Wren hiccupped. “I think I’m done.”
“I think you are, too,” Meredith said, barely scolding, almost sisterly. She turned to me. “Olive, Oliver?” She raised her toothpick, one last olive speared on the end.
“You have it,” I said, unable to suppress a smirk. “If I did it would be cannibalism.”
She gave me such a piercing look that my temperature shot up about ten degrees, then bit the olive off the toothpick and disappeared inside. I watched her go and stared dumbly at the empty doorway until Wren spoke.
“She doesn’t seem to be suffering much.”
“What?”
“She and Rick are ‘taking some time off,’” she said, making quotation marks in the air with only one hand. “I figured you knew.”
“Uh, no. I didn’t.”
“Her idea.
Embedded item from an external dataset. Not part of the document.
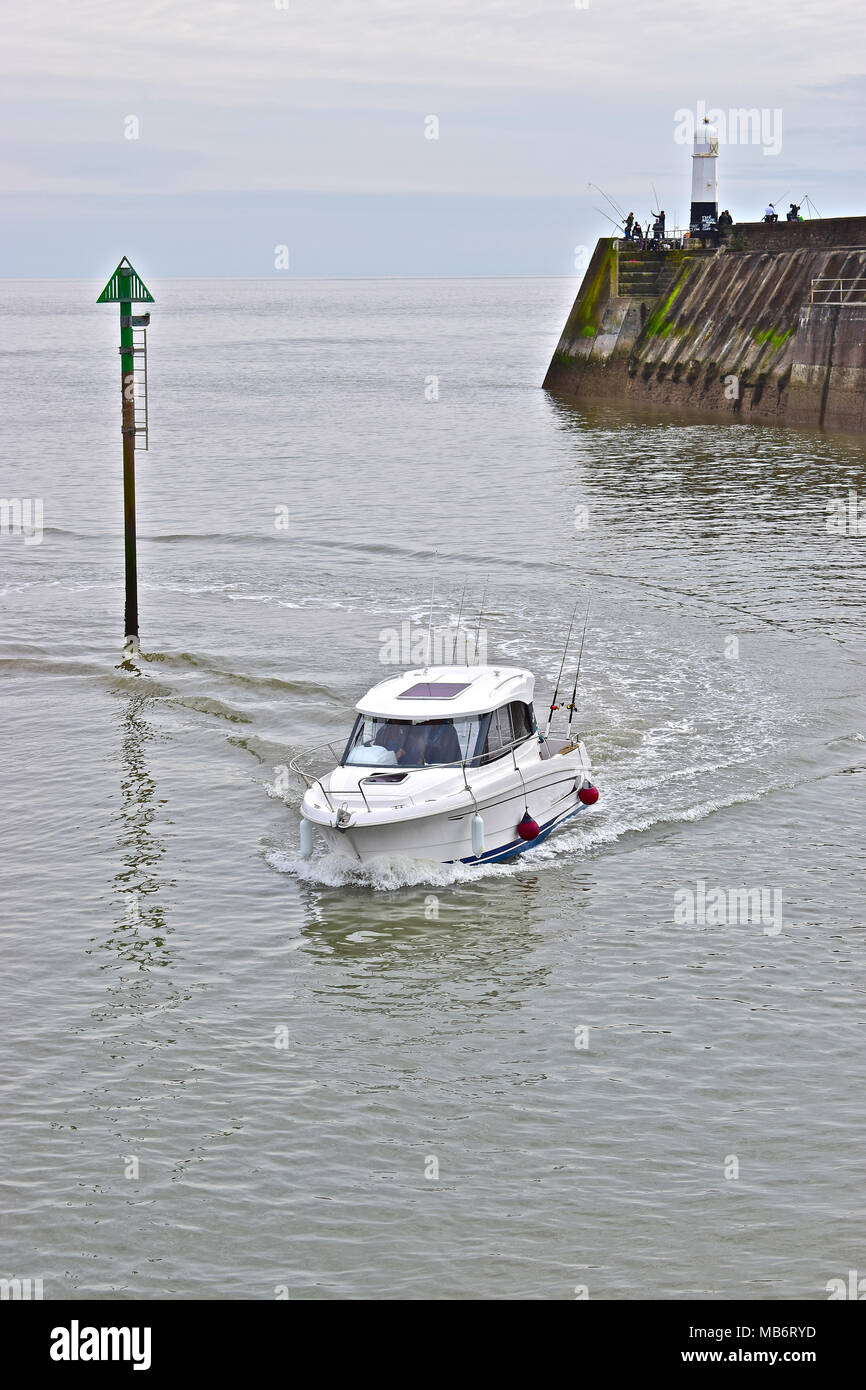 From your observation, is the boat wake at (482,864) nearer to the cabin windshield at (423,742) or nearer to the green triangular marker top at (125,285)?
the cabin windshield at (423,742)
He’s not exactly pleased about it but you know how he is, he won’t apologize for anything.” She made a face. “If he’d just swallowed his pride she might have changed her mind.”
“Oh.”
She yawned, pressed the back of her hand to her mouth. “What time is it?”
“Dunno,” I said. “Late.” My own eyelids felt a little heavy.
“I’ll go find out.”
“I don’t want to know.”
She let go of me, pushing herself off my side to stand up straight. “Okay, I won’t tell you.” She petted my arm, like I was a dog, then meandered up the steps, a bit of her skirt pinched between two fingers.
The yard had mostly emptied during our conversation. People were either heading back inside or (I hoped) going home. I ventured out into the middle of our little clearing and closed my eyes. The night air was chilly, but it didn’t bother me. It soothed my warm skin like a salve, rinsed the smoke from my lungs, evicted Meredith’s velvet shadow from my head. When I opened my eyes I was surprised to see a patch of blue between the dark treetops, a white sliver of moon grinning down at me. A sudden desire to see the whole sky urged me to take the trail down to the lake. But when I made to move, James’s voice held me in place.
“Well shone, Moon. Truly the moon shines with a good grace.” I turned to find him standing behind me, hands in his pockets.
“Where’ve you been all night?”
“Honestly?”
“Yeah, honestly.”
“I was making the rounds for a while, but I got overwhelmed and snuck upstairs to do some reading.”
I laughed. “You utter dork. What brought you back down?”
“Well, it’s after midnight, and I can’t disappoint Alexander.”
“By now I doubt he even remembers telling us that.”